But click-bait revenue can only be part of the explanation for the popularity of cheap knock-off games. Despite what cynics may think, income usually isn’t the main motivation developers have for copying games. Certainly, it was not the main motivation in the past. The best illustration of this can be found in one of the most popular and often-copied games of all time: an ancient computer game that has been around for almost half a century.
In Russia, Tetris plays you
The best thing to come out of the Soviet Union during the Cold War was Tetris. Very much like Flappy Bird, the concept was simple, and the actual play could be surprisingly difficult as time went on. Also, the graphics were terrible, although this almost goes without saying since it was invented in 1984.
Over the decades there have been dozens if not hundreds of clones, copies, and variations. There are three-dimensional versions, versions that include words or faces on the falling blocks, versions that introduce completely different puzzle shapes, and versions that add weird physics to the falling pieces. Some are officially licenced copies, others have been embroiled in lawsuits. You can play a selection of almost two dozen of them over at playtetrisgames.org. Tetris Company LLC has been sending cease-and-desist letters to Google for years in an attempt to manage the availability of free copies of Tetris, largely with no effect.
Even back in the 1980s, simple free versions of Tetris were available for your IBM-PC, Mac, Amiga, or Commodore 64. They were not official or approved copies, had no advertising, and generated no income. The reason Tetris was so readily available for free to almost any computer platform in the universe was that hobbyist programmers were all swarming to make their own versions.
In the 1980s, when almost anyone who owned a personal computer was a “computer hobbyist” to one extent or another, the challenge of recreating a game like Tetris from scratch was a game unto itself. I speak from personal experience: When I was a young student, I was a dedicated fan of the game. I had Tetris, Hatris, Welltris, and a variety of other versions on my IBM-PC. The idea of figuring out how to build my own Tetris was exciting simply because I was a fan. For a programmer, rewriting your favorite game from scratch is the equivalent of creating fanart, or writing fanfiction. You do it was a way of having a more personal connection to the thing that you love.
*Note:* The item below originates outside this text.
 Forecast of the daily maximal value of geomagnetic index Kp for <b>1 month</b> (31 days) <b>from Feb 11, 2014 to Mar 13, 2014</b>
The ASCII version of Tetris (written in BASIC) that I wrote when I was 14 didn’t make me any money, but that wasn’t the point. It was fun and educational, and Tetris continues to hold up on both fronts to this day. There are tutorials for programming Tetris in C/C++, in Javascript, and in Flash, to name just a few examples. And if you are truly a hardcore engineering type, you can learn how to create Tetris using AND and OR logic gates.
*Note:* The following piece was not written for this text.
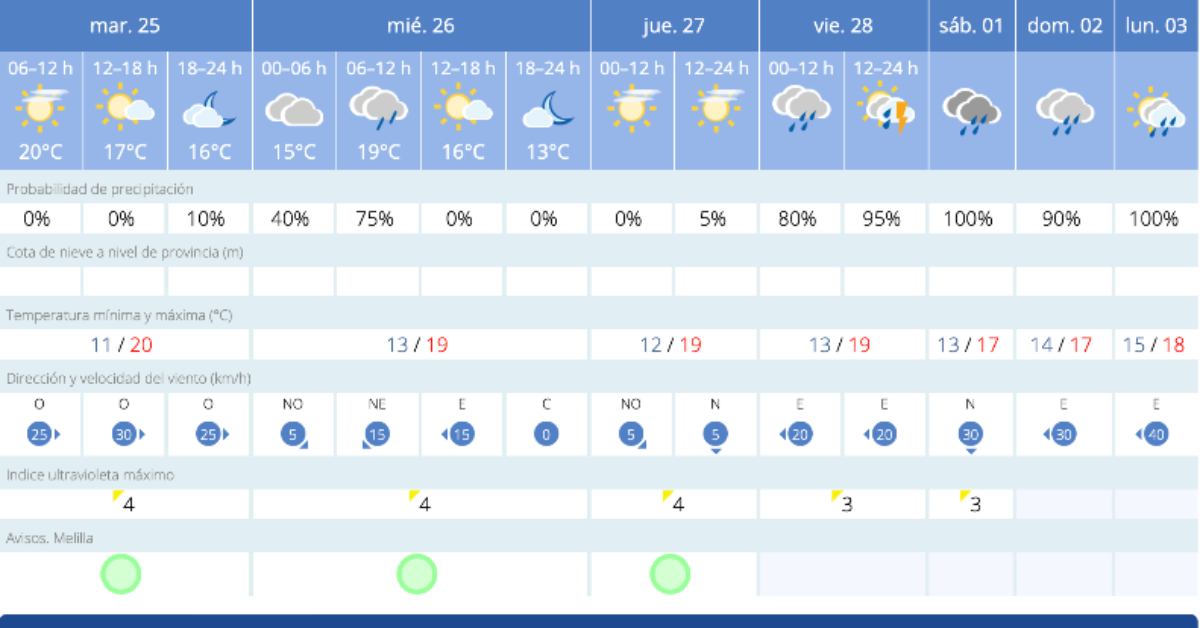 Este es el tiempo que nos espera para los próximos días / AEMET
What does all of this history about Tetris have to do with the gaming industry today? Because exactly the same thing is part of today’s Flappy Bird phenomenon: There is already a “Flappy programming game” designed to teach student programmers the principles of modular program design. You can buy the source code for a software package called Flappy Crocodile, which allows you to look at the source code for a Flappy Bird-like game, and customize it to your heart’s content.
You can bet that examples of source code for simple versions of Flappy Bird will soon be available in many other programming languages, along with in-depth tutorials and how-to guides. Then nothing will be able to stop the mass proliferation of flappy, floppy, and clumsy games across the Internet and mobile devices—even if it nobody makes money from it.
Fads, fashion, and imitation
When sociologists study imitation in fashion, they almost always talk about it in terms of status and social climbing. Some of the earliest sociological theory on fashion trends comes from the classic work of Georg Simmel, who studied fashion cycles in 19th-century European societies. According to Simmel’s view, innovative new fashions originated among aristocrats and then was imitated by people of the lower classes who aspired to be more like, or at least appear more like, those of higher social standing. Once the higher classes caught on that people of “lower breeding” were wearing a certain style, they would drop it immediately and move on to something else. Thus fashions would constantly be driven towards something new through an ongoing process of imitation (by the lower classes) and differentiation (by the upper classes).
Video games are not clothing styles, and what is considered “elite” by today’s gamers certainly has nothing to do with 19th-century class structure. Yet some of the same principles of fashion and imitation still apply. After all, playing a game has never been a purely private phenomenon. Even before mobile and hand-held devices let you carry your games to parties and play them on the bus, gamers were forming social circles based around common interests in games.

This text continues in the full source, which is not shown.